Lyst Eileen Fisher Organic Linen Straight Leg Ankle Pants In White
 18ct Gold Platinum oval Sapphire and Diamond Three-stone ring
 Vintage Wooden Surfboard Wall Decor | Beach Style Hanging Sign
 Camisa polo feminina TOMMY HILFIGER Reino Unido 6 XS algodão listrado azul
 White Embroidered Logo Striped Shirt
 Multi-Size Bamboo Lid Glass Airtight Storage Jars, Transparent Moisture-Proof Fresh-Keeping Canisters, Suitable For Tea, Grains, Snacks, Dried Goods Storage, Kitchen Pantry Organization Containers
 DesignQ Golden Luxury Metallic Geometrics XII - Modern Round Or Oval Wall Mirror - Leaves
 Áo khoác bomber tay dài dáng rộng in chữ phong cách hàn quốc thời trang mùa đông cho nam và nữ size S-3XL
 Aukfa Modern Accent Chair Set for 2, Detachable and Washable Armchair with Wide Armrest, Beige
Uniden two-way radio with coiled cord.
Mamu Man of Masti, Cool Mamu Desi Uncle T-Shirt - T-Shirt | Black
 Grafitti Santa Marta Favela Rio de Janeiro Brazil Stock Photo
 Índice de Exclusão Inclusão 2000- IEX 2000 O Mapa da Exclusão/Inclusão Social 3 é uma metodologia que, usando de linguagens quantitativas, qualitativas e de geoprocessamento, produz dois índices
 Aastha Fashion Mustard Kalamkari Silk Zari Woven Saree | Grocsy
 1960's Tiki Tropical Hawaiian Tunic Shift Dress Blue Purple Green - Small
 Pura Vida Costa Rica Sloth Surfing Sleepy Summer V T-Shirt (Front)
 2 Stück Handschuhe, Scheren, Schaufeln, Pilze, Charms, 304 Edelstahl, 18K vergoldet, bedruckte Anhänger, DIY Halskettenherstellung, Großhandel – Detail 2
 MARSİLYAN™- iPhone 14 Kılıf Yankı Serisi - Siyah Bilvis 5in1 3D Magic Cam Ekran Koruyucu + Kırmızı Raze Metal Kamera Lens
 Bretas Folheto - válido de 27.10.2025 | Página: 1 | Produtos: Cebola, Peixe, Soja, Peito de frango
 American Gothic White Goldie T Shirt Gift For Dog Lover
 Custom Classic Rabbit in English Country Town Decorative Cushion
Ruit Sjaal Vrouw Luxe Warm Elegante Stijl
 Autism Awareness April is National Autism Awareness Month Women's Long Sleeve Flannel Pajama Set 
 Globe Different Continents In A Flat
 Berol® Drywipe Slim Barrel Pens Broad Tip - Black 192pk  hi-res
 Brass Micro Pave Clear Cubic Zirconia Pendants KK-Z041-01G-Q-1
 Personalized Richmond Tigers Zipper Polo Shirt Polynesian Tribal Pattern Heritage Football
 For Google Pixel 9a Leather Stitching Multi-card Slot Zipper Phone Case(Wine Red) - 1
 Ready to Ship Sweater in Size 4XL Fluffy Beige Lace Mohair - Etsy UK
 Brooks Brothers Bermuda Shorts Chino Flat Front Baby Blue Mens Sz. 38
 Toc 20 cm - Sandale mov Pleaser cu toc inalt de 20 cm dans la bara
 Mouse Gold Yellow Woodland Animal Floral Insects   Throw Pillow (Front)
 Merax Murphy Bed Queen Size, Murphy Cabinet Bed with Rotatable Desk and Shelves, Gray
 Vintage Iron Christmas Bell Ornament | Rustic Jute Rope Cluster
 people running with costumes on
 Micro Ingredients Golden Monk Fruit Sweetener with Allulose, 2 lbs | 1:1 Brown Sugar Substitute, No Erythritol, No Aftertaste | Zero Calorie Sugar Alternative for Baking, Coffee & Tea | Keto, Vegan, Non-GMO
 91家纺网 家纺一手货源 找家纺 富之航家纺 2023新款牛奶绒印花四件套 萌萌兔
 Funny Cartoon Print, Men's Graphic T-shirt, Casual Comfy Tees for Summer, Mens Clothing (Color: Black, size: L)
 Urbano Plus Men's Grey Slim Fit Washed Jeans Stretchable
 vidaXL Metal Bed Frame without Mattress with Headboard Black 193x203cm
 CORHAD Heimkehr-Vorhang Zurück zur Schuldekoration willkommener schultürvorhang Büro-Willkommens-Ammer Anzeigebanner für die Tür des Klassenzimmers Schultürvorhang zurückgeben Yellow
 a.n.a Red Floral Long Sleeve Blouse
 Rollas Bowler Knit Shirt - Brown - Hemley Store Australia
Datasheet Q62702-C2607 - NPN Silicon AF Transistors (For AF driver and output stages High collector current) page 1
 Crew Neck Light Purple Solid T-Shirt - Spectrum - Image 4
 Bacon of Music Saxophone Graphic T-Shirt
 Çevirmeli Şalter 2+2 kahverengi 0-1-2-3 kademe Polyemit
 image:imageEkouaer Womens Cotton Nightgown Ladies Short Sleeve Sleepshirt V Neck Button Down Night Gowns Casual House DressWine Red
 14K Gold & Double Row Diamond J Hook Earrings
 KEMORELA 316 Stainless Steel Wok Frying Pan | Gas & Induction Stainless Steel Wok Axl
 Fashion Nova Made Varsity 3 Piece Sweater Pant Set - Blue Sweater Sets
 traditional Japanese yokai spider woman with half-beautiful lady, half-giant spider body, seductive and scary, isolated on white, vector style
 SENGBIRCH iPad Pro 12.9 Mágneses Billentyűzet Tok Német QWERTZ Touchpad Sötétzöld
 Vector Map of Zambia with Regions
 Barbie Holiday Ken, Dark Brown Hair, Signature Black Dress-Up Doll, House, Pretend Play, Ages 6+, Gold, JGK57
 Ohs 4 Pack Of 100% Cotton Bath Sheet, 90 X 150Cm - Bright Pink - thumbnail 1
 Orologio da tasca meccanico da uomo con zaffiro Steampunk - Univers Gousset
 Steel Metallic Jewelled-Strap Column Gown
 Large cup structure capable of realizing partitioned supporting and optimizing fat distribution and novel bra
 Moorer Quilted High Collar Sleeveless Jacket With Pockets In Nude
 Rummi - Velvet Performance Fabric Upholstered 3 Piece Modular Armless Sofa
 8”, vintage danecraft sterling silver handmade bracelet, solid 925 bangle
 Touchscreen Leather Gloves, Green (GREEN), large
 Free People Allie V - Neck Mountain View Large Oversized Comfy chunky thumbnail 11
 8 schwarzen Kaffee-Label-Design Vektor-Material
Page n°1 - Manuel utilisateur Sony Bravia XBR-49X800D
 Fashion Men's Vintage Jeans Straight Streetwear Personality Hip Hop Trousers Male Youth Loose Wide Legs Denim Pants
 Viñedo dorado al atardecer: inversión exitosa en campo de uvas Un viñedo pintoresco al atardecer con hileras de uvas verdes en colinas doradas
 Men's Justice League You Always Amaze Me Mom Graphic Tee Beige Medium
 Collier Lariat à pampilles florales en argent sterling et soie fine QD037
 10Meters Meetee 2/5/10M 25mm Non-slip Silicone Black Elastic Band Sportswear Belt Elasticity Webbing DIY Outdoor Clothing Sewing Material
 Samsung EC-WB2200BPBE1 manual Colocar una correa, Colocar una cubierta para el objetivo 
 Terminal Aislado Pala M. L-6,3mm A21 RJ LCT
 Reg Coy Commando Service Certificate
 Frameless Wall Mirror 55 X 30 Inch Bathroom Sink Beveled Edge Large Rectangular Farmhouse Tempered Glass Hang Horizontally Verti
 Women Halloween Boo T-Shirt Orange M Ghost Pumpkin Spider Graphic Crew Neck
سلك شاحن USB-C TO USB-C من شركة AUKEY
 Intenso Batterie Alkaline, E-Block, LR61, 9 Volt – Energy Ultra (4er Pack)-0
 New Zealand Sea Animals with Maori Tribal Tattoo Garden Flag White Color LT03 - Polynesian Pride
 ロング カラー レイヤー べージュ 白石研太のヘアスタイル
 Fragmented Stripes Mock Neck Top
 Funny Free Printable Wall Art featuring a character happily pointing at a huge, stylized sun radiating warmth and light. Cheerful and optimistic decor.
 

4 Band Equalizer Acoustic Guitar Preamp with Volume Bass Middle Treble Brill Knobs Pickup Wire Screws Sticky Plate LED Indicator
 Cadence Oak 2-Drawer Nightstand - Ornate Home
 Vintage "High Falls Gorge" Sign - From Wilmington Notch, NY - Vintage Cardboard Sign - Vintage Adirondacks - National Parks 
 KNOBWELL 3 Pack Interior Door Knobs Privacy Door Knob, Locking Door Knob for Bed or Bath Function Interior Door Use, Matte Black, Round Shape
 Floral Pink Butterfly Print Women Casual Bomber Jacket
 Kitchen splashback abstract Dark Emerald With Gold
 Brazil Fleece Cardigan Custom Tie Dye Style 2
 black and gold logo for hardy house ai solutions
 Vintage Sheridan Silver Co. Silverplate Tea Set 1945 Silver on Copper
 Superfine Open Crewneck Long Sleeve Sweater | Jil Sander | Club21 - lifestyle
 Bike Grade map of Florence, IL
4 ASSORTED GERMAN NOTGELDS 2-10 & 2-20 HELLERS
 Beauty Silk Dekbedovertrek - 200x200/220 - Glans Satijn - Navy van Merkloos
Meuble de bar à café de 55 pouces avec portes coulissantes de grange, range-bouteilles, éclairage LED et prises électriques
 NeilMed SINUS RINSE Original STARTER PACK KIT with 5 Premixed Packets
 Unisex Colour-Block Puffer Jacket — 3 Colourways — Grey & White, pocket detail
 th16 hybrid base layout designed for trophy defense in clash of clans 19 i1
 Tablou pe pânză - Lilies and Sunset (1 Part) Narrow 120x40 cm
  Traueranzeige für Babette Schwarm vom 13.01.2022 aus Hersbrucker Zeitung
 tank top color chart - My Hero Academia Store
# # # #
Your objective ▸
For the listing above, print only the lines starting at the line containing "Aastha Fashion Mustard" and ending at the line containing "Autism Awareness April", exactly, both included.

Result of the exercise ▸
 Aastha Fashion Mustard Kalamkari Silk Zari Woven Saree | Grocsy
 1960's Tiki Tropical Hawaiian Tunic Shift Dress Blue Purple Green - Small
 Pura Vida Costa Rica Sloth Surfing Sleepy Summer V T-Shirt (Front)
 2 Stück Handschuhe, Scheren, Schaufeln, Pilze, Charms, 304 Edelstahl, 18K vergoldet, bedruckte Anhänger, DIY Halskettenherstellung, Großhandel – Detail 2
 MARSİLYAN™- iPhone 14 Kılıf Yankı Serisi - Siyah Bilvis 5in1 3D Magic Cam Ekran Koruyucu + Kırmızı Raze Metal Kamera Lens
 Bretas Folheto - válido de 27.10.2025 | Página: 1 | Produtos: Cebola, Peixe, Soja, Peito de frango
 American Gothic White Goldie T Shirt Gift For Dog Lover
 Custom Classic Rabbit in English Country Town Decorative Cushion
Ruit Sjaal Vrouw Luxe Warm Elegante Stijl
 Autism Awareness April is National Autism Awareness Month Women's Long Sleeve Flannel Pajama Set 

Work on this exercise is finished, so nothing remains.